Już przez zasłonę chmur
Przedziera się słońce
I świetliście orzeka:
Deszcz się kończy, ucieka
Gnany wiatrem wysoko
Lub zawisł w kroplach tu
Na liściu  konwalii i bzu.
2018


Zdjęcie własne

niedziela, 13 maja 2018

Lektura

Z moich szuflad. Lektura
Dom spał.Braciszek w kołysce obok łóżka rodziców posapywał, ojciec donośnie chrapał. Chłopak bał się , że matka zawsze czujna,  przyłapie go. Spała jednak zmęczona po długim dniu. Wysunął się cicho, bezszelestnie. Jak kot  przemierzył znajome kąty. Księżyc za oknem dawał poświatę, nałożył chodaki. Za progiem, sprawdził, czy wziął świeczkę. Książka pachniala drukiem.Ładna pani z biblioteki mówila, że to nowe wydanie Przygód Robinsona Crusou. Wiele osob chce je  czytac, trzeba szybko oddać lekturę. Pognał do drewutni, siadł na deskach, zapalił świeczkę, ukradł ojcu zapałki  jeszcze poźnym opołudniem.
Nareszcie, wreszcie! Szukał ostatniego fragmentu. Robinson pomógł Piętaszkowi, uczył tubylca nowego języka. Wreszcie Robinson nie będzie  sam! Razem z Piętaszkiem zbudują porządną łódź.  Może uda się bohaterowi opuścić tę dziką wyspę. Chłopak widział oczami wyobraźni  gromne palmy, bujną roślinność, kolorowe kwiaty, fruwające motyle i ptaki. Szumiał błękitny ocean.
Rankiem matka otworzyła drzwi szopy, syn leżał na deskach, świeca już dawno zgasła. Obudziła go nagłym szarpnięciem, łajała  jak zwykle.
- Ja ci dam! Te  książki to utrapienie. Kiedyś nas z dymem puścisz. Marsz do domu, pilnuj Jaśka, ojciec pojechal na targ. Oszukałam go, że jesteś w wychodku. Ostatni raz! - ostrzegała. Który to już raz? Jak ten chłopak garnął się nauki. Co z nim będzie ?- myślała.
On przecierał oczy, szybko schował książkę jak relikwię.  Popędził do domu, Jasiek ryczał, chyba cała wies go słyszala.
Matka naszykowała już  barszcz.  Obmył twarz, łyknął parę łyżek zupy.  Jasiek znów  usnął, na szczęście. Rzucił tylko przez ramię, że idzie do szkoły  i pognał do drogi.
2018
                                                     zdjęcie- galeria internetowa

piątek, 11 maja 2018

Nauka

Zabrakło mi ochoty na wzniosłe 
Uczuć wzloty. Wena gdzieś poszła
Szukać natchnienia, a może prozy
Życia? Nawet poezja się zmienia.

Dalej szukam trwałej siły kamienia
I lekkiego trzepotu motylich skrzydeł
W gonitwie dnia, w rytynie, prawideł
Szukam i zasad, to się nie zmienia.

Tylko coraz częściej z psem gadam
I sporo się dowiaduję, i uczę o ludziach.


piątek, 4 maja 2018

Smuga

Sama nie wiem, dlaczego wciąż wraca niepokój. Przecież tyle trudów  pokonałam, udowodniałam coś innym. A może nadal tylko siebie nie przekonałam?

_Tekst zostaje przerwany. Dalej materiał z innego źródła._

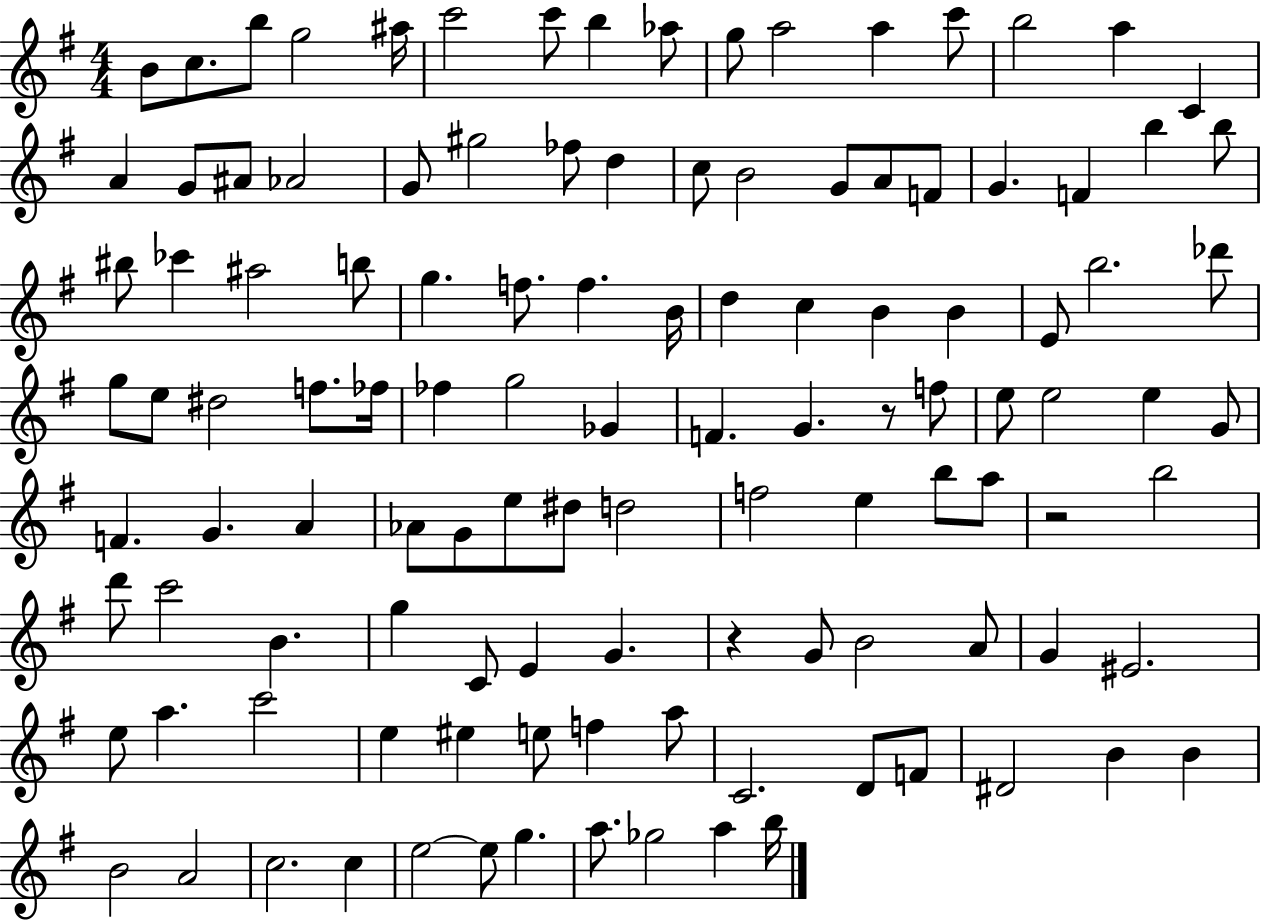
{
  \clef treble
  \numericTimeSignature
  \time 4/4
  \key g \major
  \repeat volta 2 { b'8 c''8. b''8 g''2 ais''16 | c'''2 c'''8 b''4 aes''8 | g''8 a''2 a''4 c'''8 | b''2 a''4 c'4 | \break a'4 g'8 ais'8 aes'2 | g'8 gis''2 fes''8 d''4 | c''8 b'2 g'8 a'8 f'8 | g'4. f'4 b''4 b''8 | \break bis''8 ces'''4 ais''2 b''8 | g''4. f''8. f''4. b'16 | d''4 c''4 b'4 b'4 | e'8 b''2. des'''8 | \break g''8 e''8 dis''2 f''8. fes''16 | fes''4 g''2 ges'4 | f'4. g'4. r8 f''8 | e''8 e''2 e''4 g'8 | \break f'4. g'4. a'4 | aes'8 g'8 e''8 dis''8 d''2 | f''2 e''4 b''8 a''8 | r2 b''2 | \break d'''8 c'''2 b'4. | g''4 c'8 e'4 g'4. | r4 g'8 b'2 a'8 | g'4 eis'2. | \break e''8 a''4. c'''2 | e''4 eis''4 e''8 f''4 a''8 | c'2. d'8 f'8 | dis'2 b'4 b'4 | \break b'2 a'2 | c''2. c''4 | e''2~~ e''8 g''4. | a''8. ges''2 a''4 b''16 | \break } \bar "|."
}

Kończy się długi weekend. Piękna pogoda, wymarzona na odpoczynek. Gdzieś jeździłam, byłam z bliskimi w ładnych miejscach. Patrzyłam na cudowne obłoki, w wodzie odbijały się całe obrazy. Słuchałam muzyki, czytałam wspaniałą  książkę.Następna czeka,  oglądałam filmy, rozmawiałam ze znajomymi na fb. Patrzyłam na wybuchającą kwiatami wiosnę, To taki piękny czas. Skąd ten cień przesłaniający wszystko? Smuga cienia, już wielki Conrad to wymyślił.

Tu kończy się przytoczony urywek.